Vladimir Cosma's opera-tinged score, which draws on Act I of Alfredo Catalani's "La Wally," is impressive, creating a witty, playful film that's highly diverting. With its distinctive touches, this exquisitely composed hybrid of genres (noir, neo New Wave, interracial fairytale romance) serves as a reminder of why we fell in love with the movies in the first place.

Source - Emmanuel Levy

1 Comments:

Blogger Unknown said...

Very much enjoyed the film and its review you've posted. But I'm a bit puzzled that Levy didn't focus more on the character of Cynthia Hawkins. This film is far more about the "Diva" than meets the eye at first glance. The last scene was fantastic, with the line "I've never heard my voice before" really pulling the entire movie together. In more ways than one, this film seems to be about a diva coming of age through an unexpected encounter with an 18-year old fan.

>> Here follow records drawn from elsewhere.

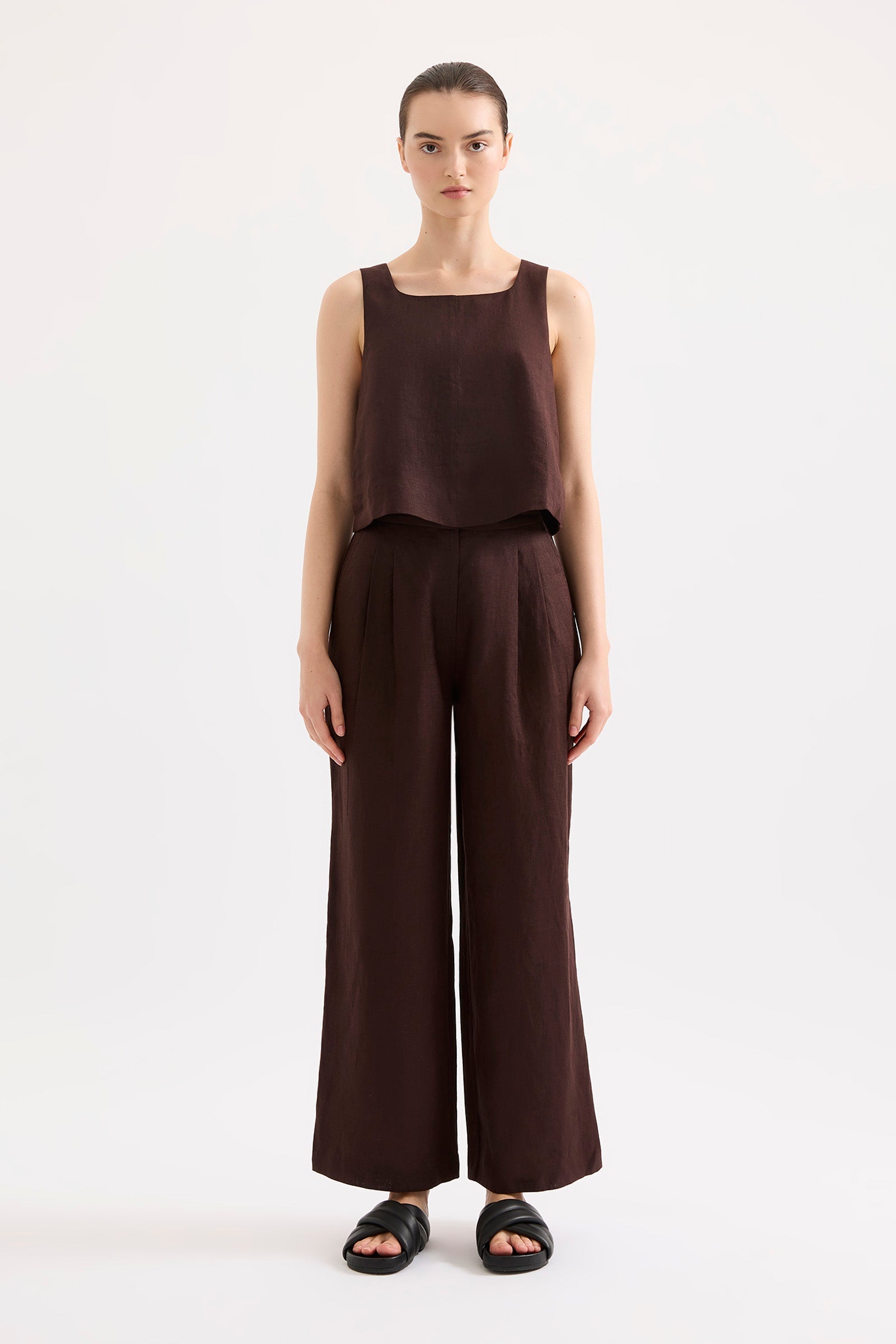 Thilda Linen Top Raisin 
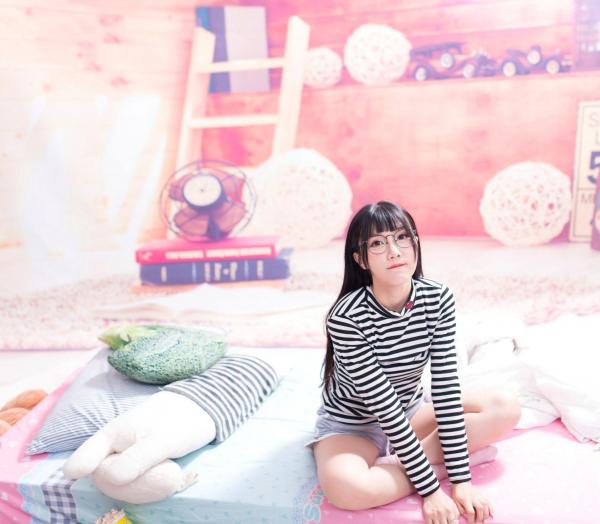 喬喬兒 乔乔儿  台湾正妹乔乔儿写真《琴棚电玩少女DVA》：角色扮演游戏风格与慵懒居家私房照合集第1张图片
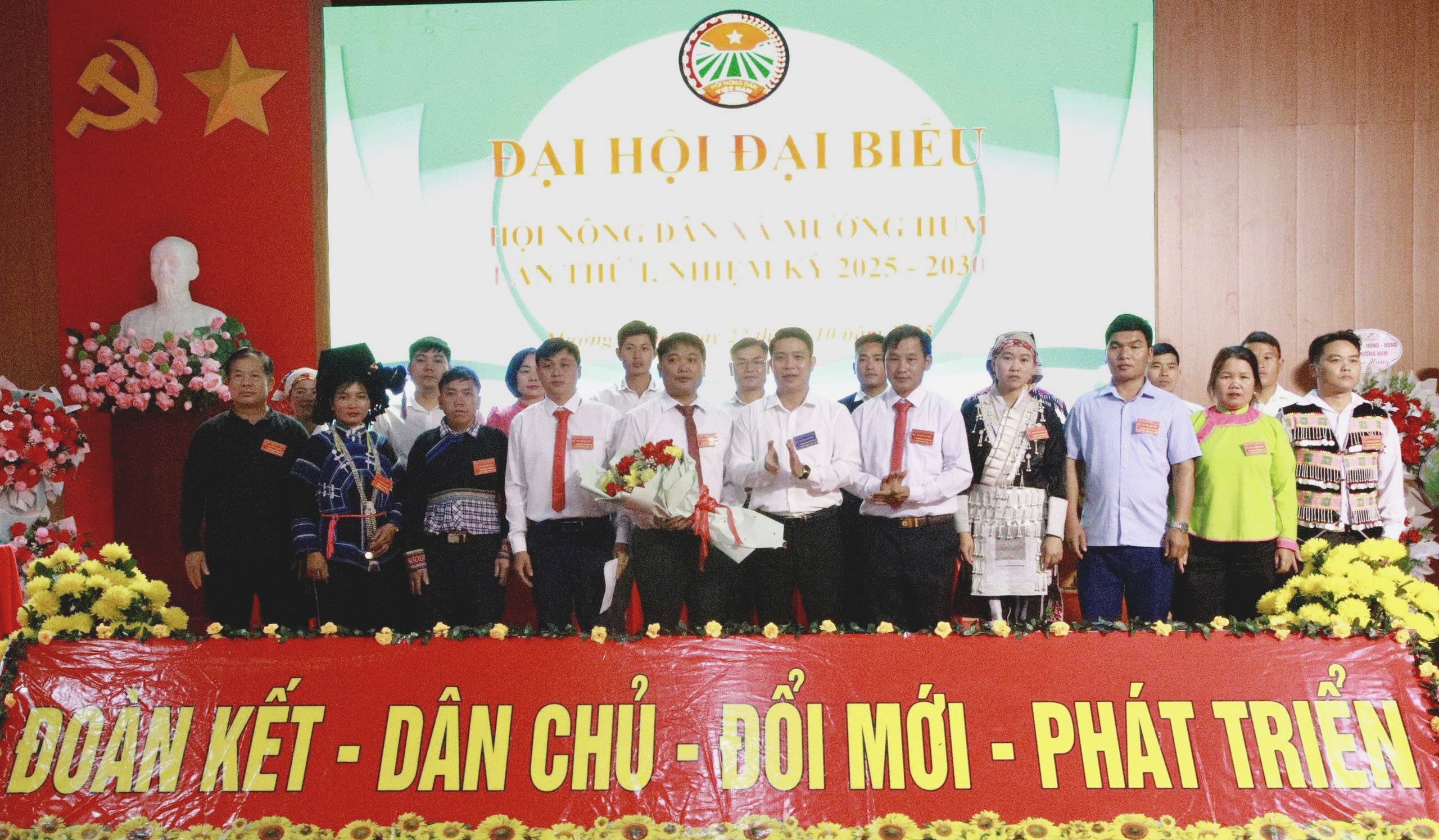 Ban Chấp hành Hội Nông dân xã Mường Hum khóa mới ra mắt Đại hội. 08.jpg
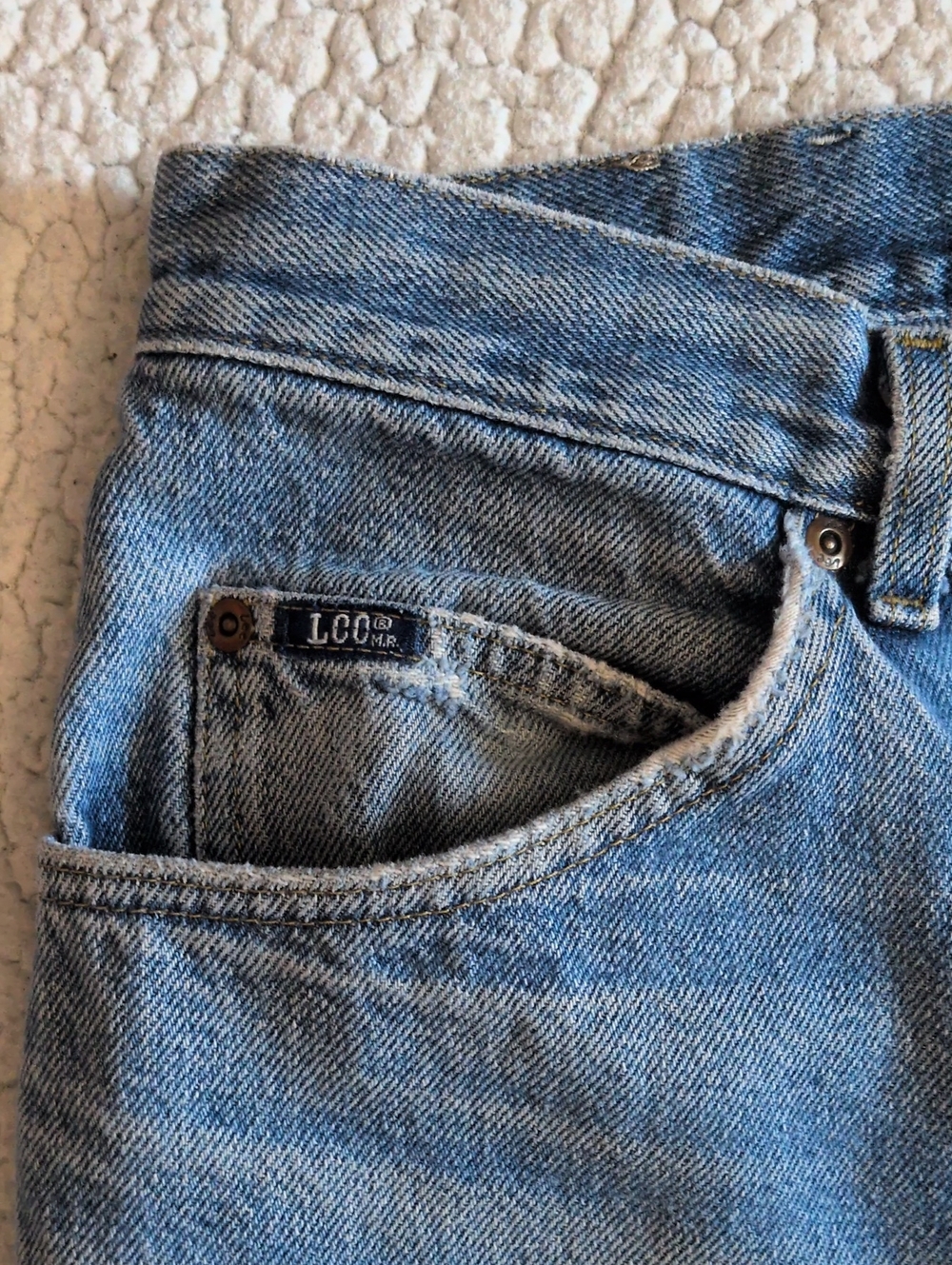 Lee Distressed Destroyed 100% Cotton Mexico Made High Rise Straight Leg Jeans - Picture 4 of 14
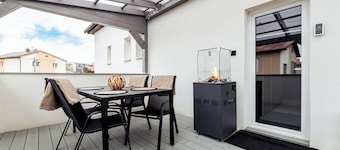 Comfy and spacious apartment with terrace and grill in Poprad near High Tatras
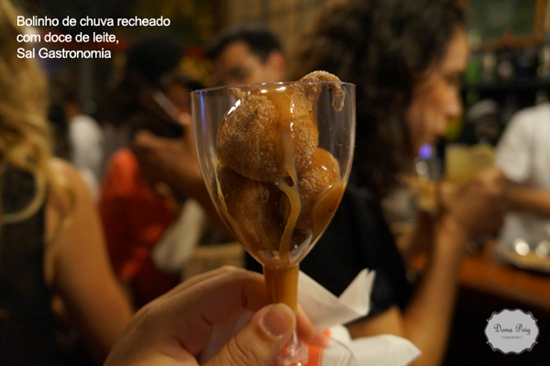 bolinho de chuva recheado com doce de leite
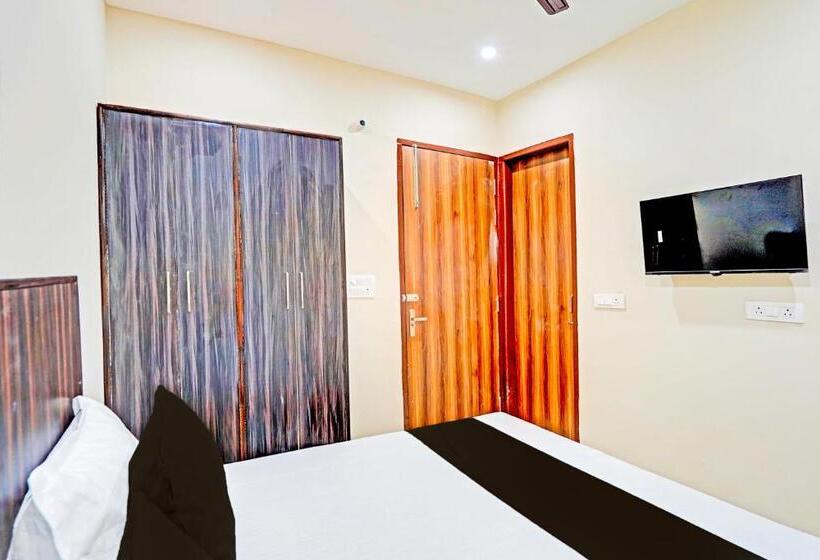 Hotell O Shree Jee Inn Guest House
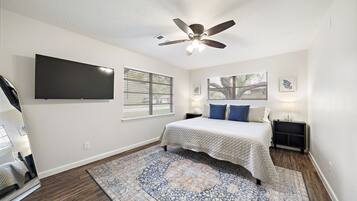 4 bedrooms, desk, iron/ironing board, travel cot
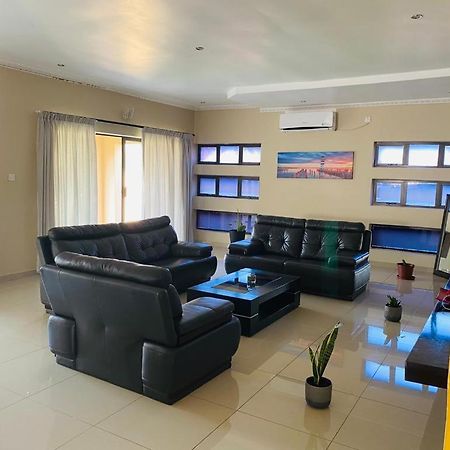 Styled Bed And Breakfast Palapye Экстерьер фото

Even the visual framing of this scene testifies to this when the camera drops gradually to Cynthia's level and finally to her face after being suspended overhead initially--as if to remind us that for the first time, the diva reckons with herself as a human being rather than rests on her laurels as a star (note how she drops her fashionable clutch in this scene). Cynthia Hawkins is present throughout the film, even when she is absent--in her stolen dress, on the posters in Jules's loft, in the tape Jules makes of her singing, in her voice filling frame after frame. And through the loneliness of the multiple characters swirling about her, we discover her own isolation. Jules, of course, is the principal lonely character who brings many others either directly or indirectly to our attention, each one connected to her fate as a diva. Visually, the film was stunning with strong references to Manet's "Music in the Tuileries"or Renoir's "Le Moulin de la Galette (for the scene in the park where Jules and Cynthia's relationship unfolds gently) and Giorgio de Chirico's ubiquitous towers in paintings like "The Nostalgia of the Infinite" (for Gorodish's mysterious "castle").